• Exercise objective
The whole listing, pictures aside, should be reproduced exactly.

• Data excerpt

___

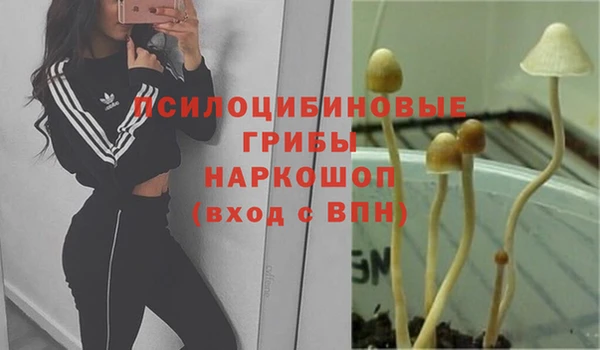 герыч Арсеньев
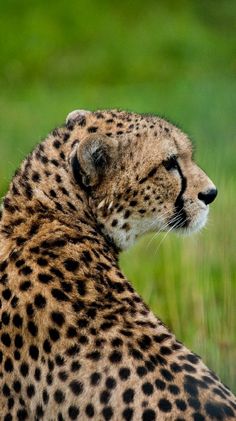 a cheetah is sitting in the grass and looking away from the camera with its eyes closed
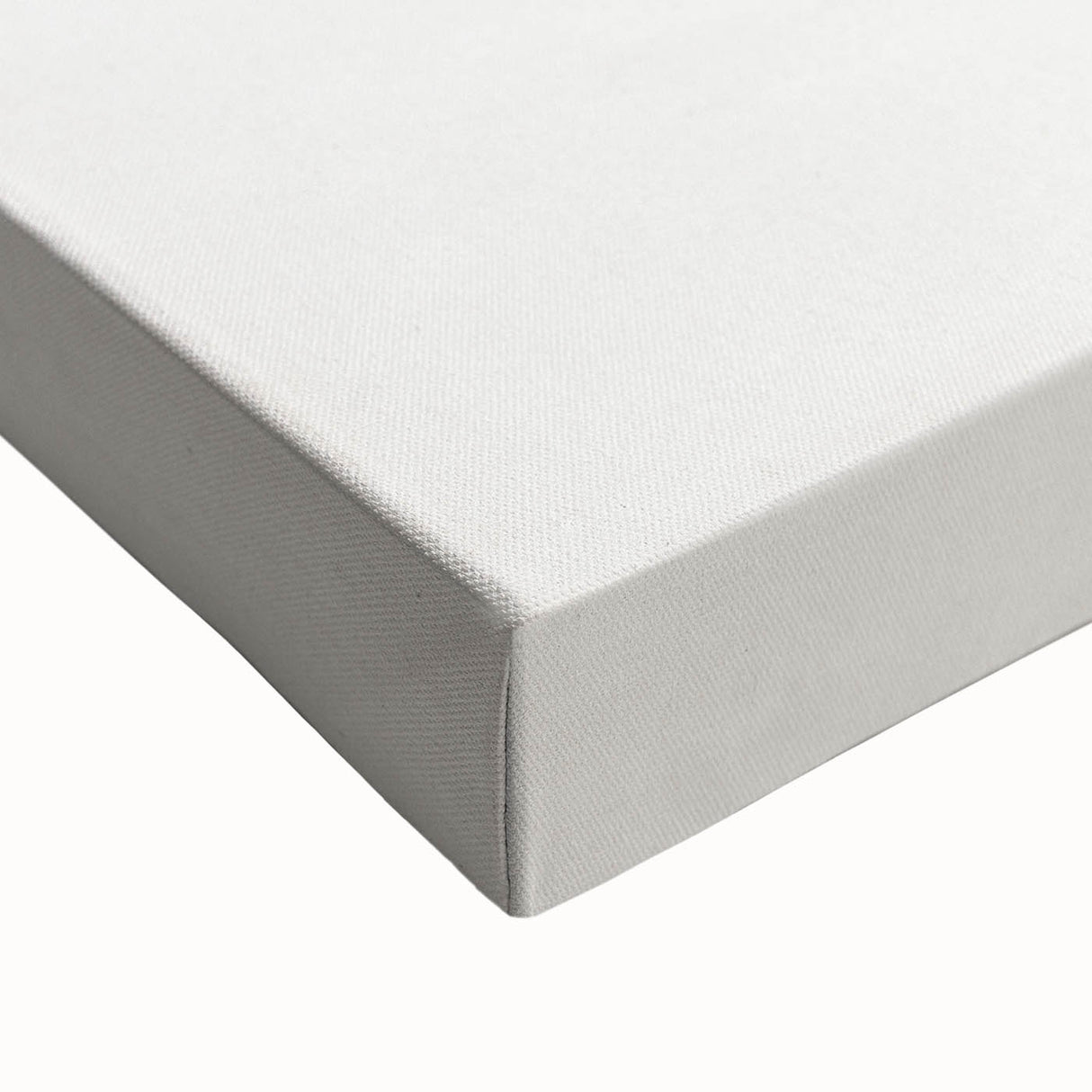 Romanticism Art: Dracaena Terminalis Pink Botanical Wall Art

___

• Reply to the exercise
 герыч Арсеньев
 a cheetah is sitting in the grass and looking away from the camera with its eyes closed
 Romanticism Art: Dracaena Terminalis Pink Botanical Wall Art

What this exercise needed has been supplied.